Depois de uma campanha marcada por declarações islamofóbicas, o presidente Donald Trump adotou um tom conciliador em relação à religião e conclamou líderes de 55 países de maioria muçulmana a expulsar terroristas e extremistas de suas mesquitas e comunidades, em um discurso desprovido de menções a direitos humanos ou defesa de princípios democráticos.

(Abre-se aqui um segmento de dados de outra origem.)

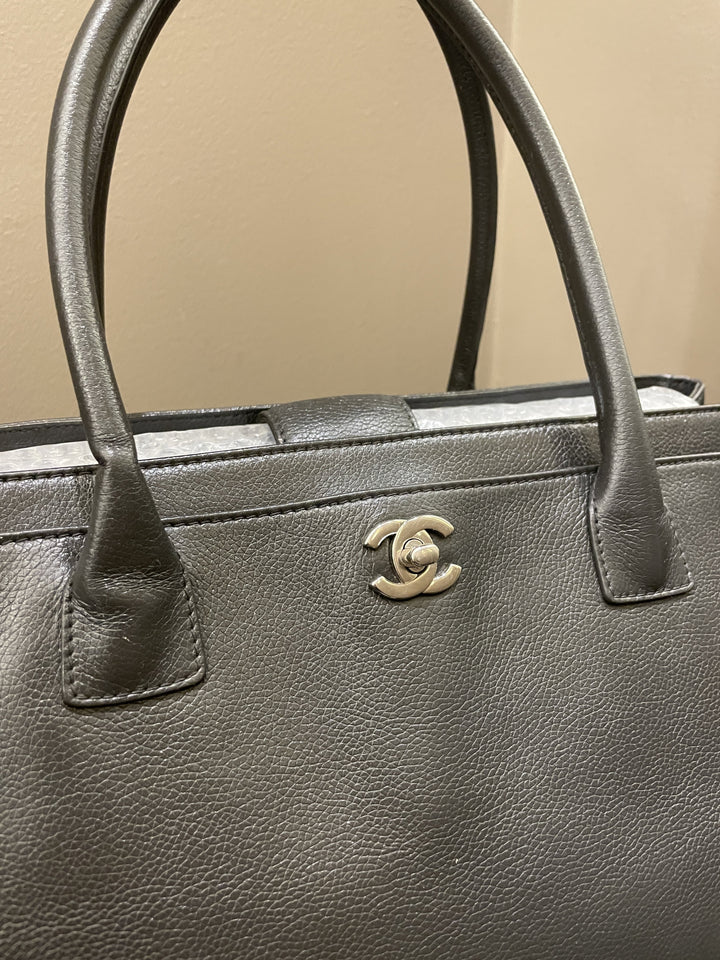 Chanel Executive Tote Bag Dark Grey Grainy Calfskin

“Nós não estamos aqui para fazer sermões”, afirmou na Arábia Saudita, o local de nascimento do islamismo que escolheu como primeiro destino de sua estreia como presidente na arena internacional. “Nós não estamos aqui para dizer para outras pessoas como viver, o que fazer, o que ser ou como praticar sua religião. Em vez disso, nós estamos aqui para oferecer parceria baseada em nossos interesses e valores compartilhados.”
Antes de ser eleito, Trump disse que o Islã “odeia” os EUA e defendeu a suspensão da entrada de todos os seguidores da religião no país. Um de seus primeiros atos como presidente – suspenso pelo Judiciário – foi barrar o ingresso nos Estados Unidos de cidadãos de seis países de maioria muçulmana.
Em seus discursos de campanha, ele criticava a adversária, Hillary Clinton, e o ex-presidente Barack Obama por não usarem a expressão “terrorismo islâmico radical”. Na Arábia Saudita, Trump falou em “extremismo islâmico” e “terror islâmico”, mas em nenhum momento lançou mão da fórmula que marcava seus pronunciamentos.
“Essa não é uma batalha entre diferentes crenças, diferentes seitas ou diferentes civilizações”, observou o presidente, abandonando a visão de “choque de civilizações” entre o Ocidente e o mundo muçulmano que permeou sua campanha e é defendida por seu estrategista chefe, Steve Bannon. “Essa é uma batalha entre criminosos bárbaros que tentam destruir a vida humana e pessoas decentes – tudo em nome da religião – e pessoas que querem proteger a vida e querem proteger sua religião. Essa é uma batalha entre o bem e o mal”.
Trump fez um apelo direto contra leituras fundamentalistas do Corão e lembrou que os muçulmanos são as principais vítimas do extremismo. “Líderes religiosos devem deixar isso absolutamente claro: o barbarismo não vai levar a nenhuma glória, a reverência ao mau não trará dignidade. Se você escolher o caminho do terror, sua vida será vazia, sua vida será breve e sua alma será condenada.”
Frustrados com a simpatia de Obama à Primavera Árabe, em 2011, e seus apelos em favor de direitos humanos e democracia, os líderes reunidos em Riyad receberam bem o discurso de Trump. Sunitas, muitos deles dirigem governos autocráticas em sociedades nas quais as mulheres são excluídas dos processos decisórios.
No dia anterior, os iranianos celebraram nas ruas a reeleição de Hasan Rouhani, em um processo que está longe de ser livre, mas que é mais próximo da democracia que o sistema existente nos países de muitos dos interlocutores de Trump. Xiitas e adversários da Arábia Saudita e dos EUA, os iranianos estavam ausentes da cúpula em Riyad.
“A postura mais agressiva do Irã unificou o mundo árabe”, disse um assessor direto do presidente depois do discurso. “Eles estão trabalhando juntos e também colaborando de maneira incrivelmente positiva com Israel. Escutei isso reiteradamente em todos os encontros bilaterais que tivemos.”
Essa mesma fonte observou que o presidente fez uma defesa dos direitos das mulheres no discurso e tratou da questão de direitos humanos em reuniões privadas. “Há várias abordagens diferentes. Essa abordagem é levantar essas questões de maneira discreta, mas séria, e esperar resultados.”
Trump e a indústria de defesa dos EUA não precisaram esperar para obter resultados concretos da visita: os dois países assinaram acordo para venda imediata de US$ 110 bilhões em armamentos, que poderá atingir o valor de US$ 350 bilhões ao longo de dez anos.
O mesmo assessor de Trump defendeu o engajamento do presidente no Oriente Médio, depois de uma campanha que muitos interpretaram como isolacionista. “América em primeiro lugar não significa América sozinha. Nós temos que trabalhar com nossos aliados. Não há aliados perfeitos, mas nós temos um clara ameaça comum”, afirmou, referindo-se ao terrorismo.